More than 20 banks, SIVs and investment managers participated in the discussion with BlackRock Inc. serving as the adviser, the statement said. The banks could revive the plan if needed.
`A Better Position'
SIVs reduced their holdings to less than $265 billion from $340 billion during the summer, the banks said in the statement. The assets are expected to continue to decline.
``The private sector participants always indicated that this vehicle was designed to complement other market solutions,'' Jennifer Zuccarelli, spokeswoman for the Treasury Department, said today in a statement. ``The department appreciates the efforts of the financial professionals.''
Citigroup took $49 billion in SIV assets onto its balance sheet, following decisions by banks, including HSBC and WestLB AG, to take on the assets of SIVs or provide financing to ones they manage.
``It basically means the bank is going to stand behind those SIVs, which is probably a better position for any investor than having it come under an umbrella super fund which is then going to eat up some of the asset value on fees,'' said Brian Bethune, an economist at Global Insight Inc. in Lexington, Massachusetts, on Bloomberg TV.

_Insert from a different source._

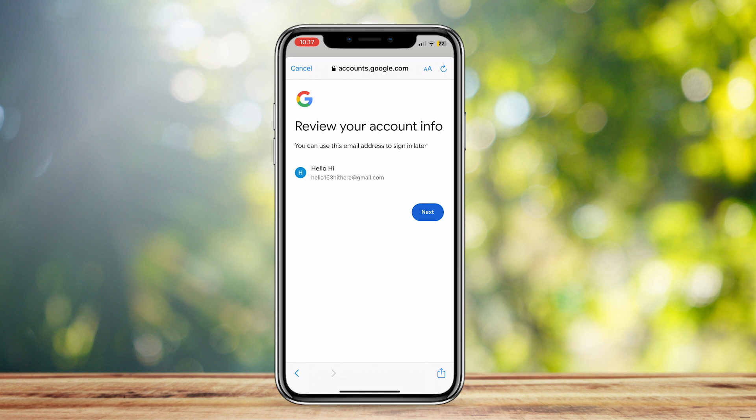It didn't require any type of phone number verification. However, it might if you've already created a lot of Gmail accounts — in that case, you're going to have to wait it out.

Moody's earlier this month said it was considering whether to cut the ratings on $105 billion of debt sold by SIVs, which were set up to make money by borrowing in the commercial paper and medium-term note markets and buying longer-maturity, higher- yielding assets such as bank notes and mortgage bonds.
Shunning the Debt
Investors started shunning the debt or demanding yields that would have been prohibitive for the SIVs after learning that some of the companies bought securities tied to subprime home loans, or mortgages for people with poor credit.
SIVs emerged in August as one of the biggest threats to capital markets that were rocked by record-high defaults on subprime mortgages. Citigroup invented SIVs in 1988 and was the biggest manager of the funds.
The average net asset values of SIVs tumbled to 55 percent from 71 percent a month ago and 102 percent in June, according to Moody's. The net asset value is the amount that would be left for investors if a fund had to sell holdings and repay debt.